Repetition must be exact and must stop with the line bearing "Forbo Tessera Chroma Russet". It begins at the first line of the records and includes no pictures.
___ Available records
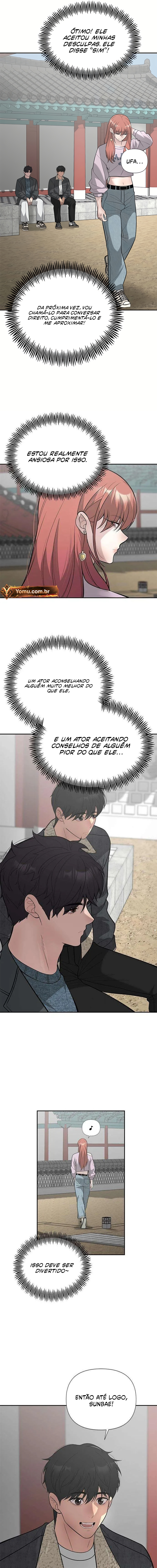 Página 7 do Capítulo 30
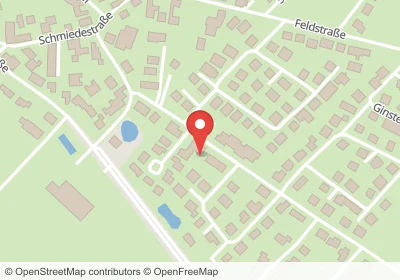 Margaritenweg Danndorf – Hotels in der Nähe Hotels an der Margaritenweg in Danndorf – Unterkünfte, Pensionen und Ferienwohnungen in zentraler Lage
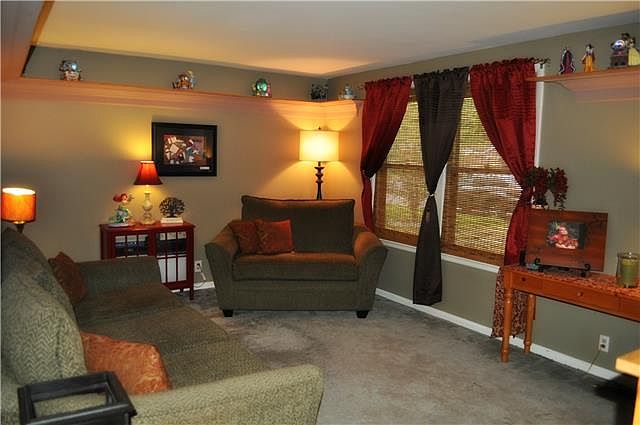 2nd image of 3014 Boulder Park Dr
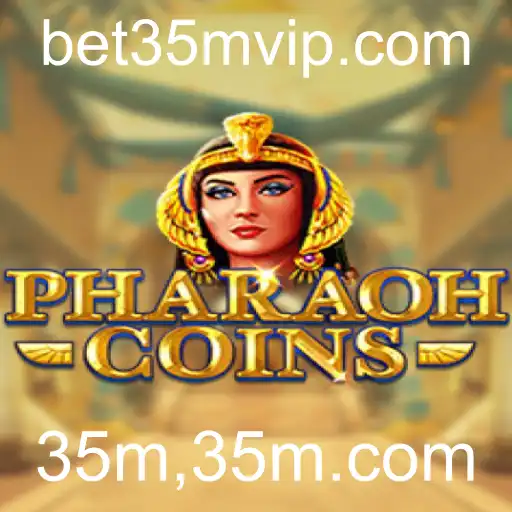Descubra o Fascinante Mundo de PharaohCoins: Um Mergulho na História e Estratégia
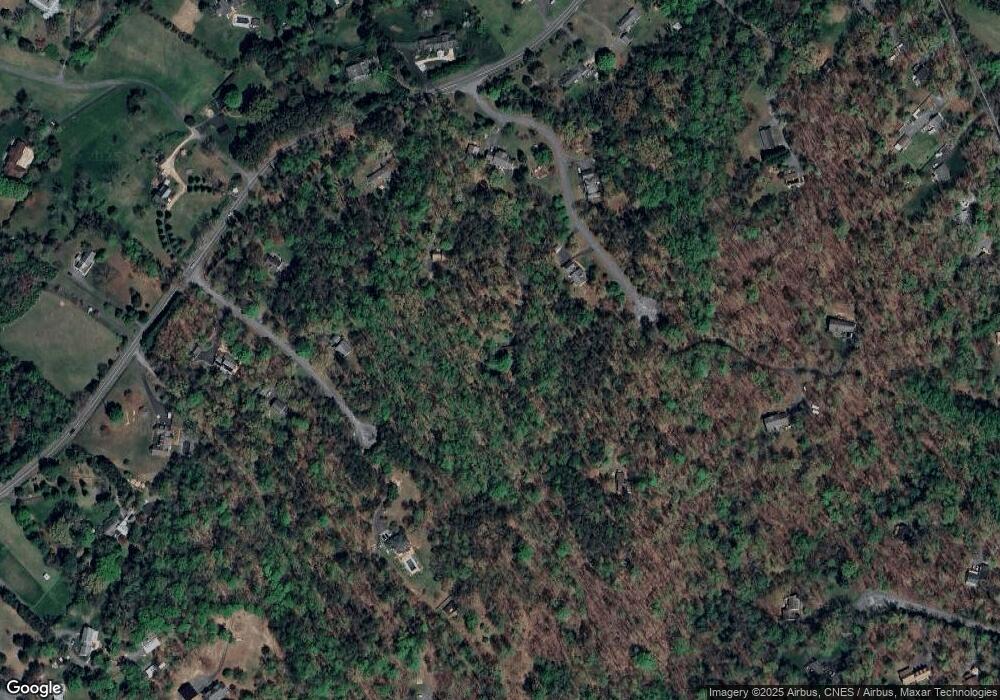 1039 Sandy Ln, Earlysville, VA 22936 - photo 1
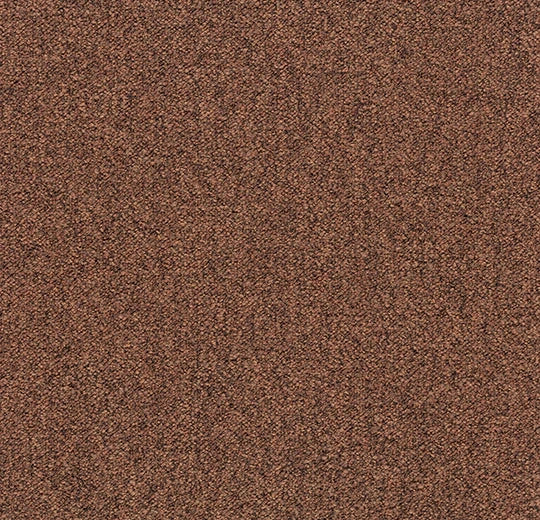 Forbo Tessera Chroma Russet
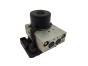 Abs-Pumpe Audi A3 VW Golf MK4 1J0614217C 1J0907379H ATE 6291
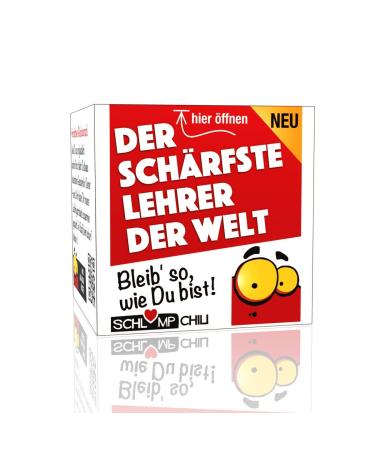 The sharpest teacher in the world - A funny gift for birthdays Father's Day Easter Christmas graduation school graduation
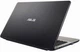 Ноутбук ASUS X541SA-DM690 - изображение 3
______
- Solution for this problem:
 Página 7 do Capítulo 30
 Margaritenweg Danndorf – Hotels in der Nähe Hotels an der Margaritenweg in Danndorf – Unterkünfte, Pensionen und Ferienwohnungen in zentraler Lage
 2nd image of 3014 Boulder Park Dr
Descubra o Fascinante Mundo de PharaohCoins: Um Mergulho na História e Estratégia
 1039 Sandy Ln, Earlysville, VA 22936 - photo 1
 Forbo Tessera Chroma Russet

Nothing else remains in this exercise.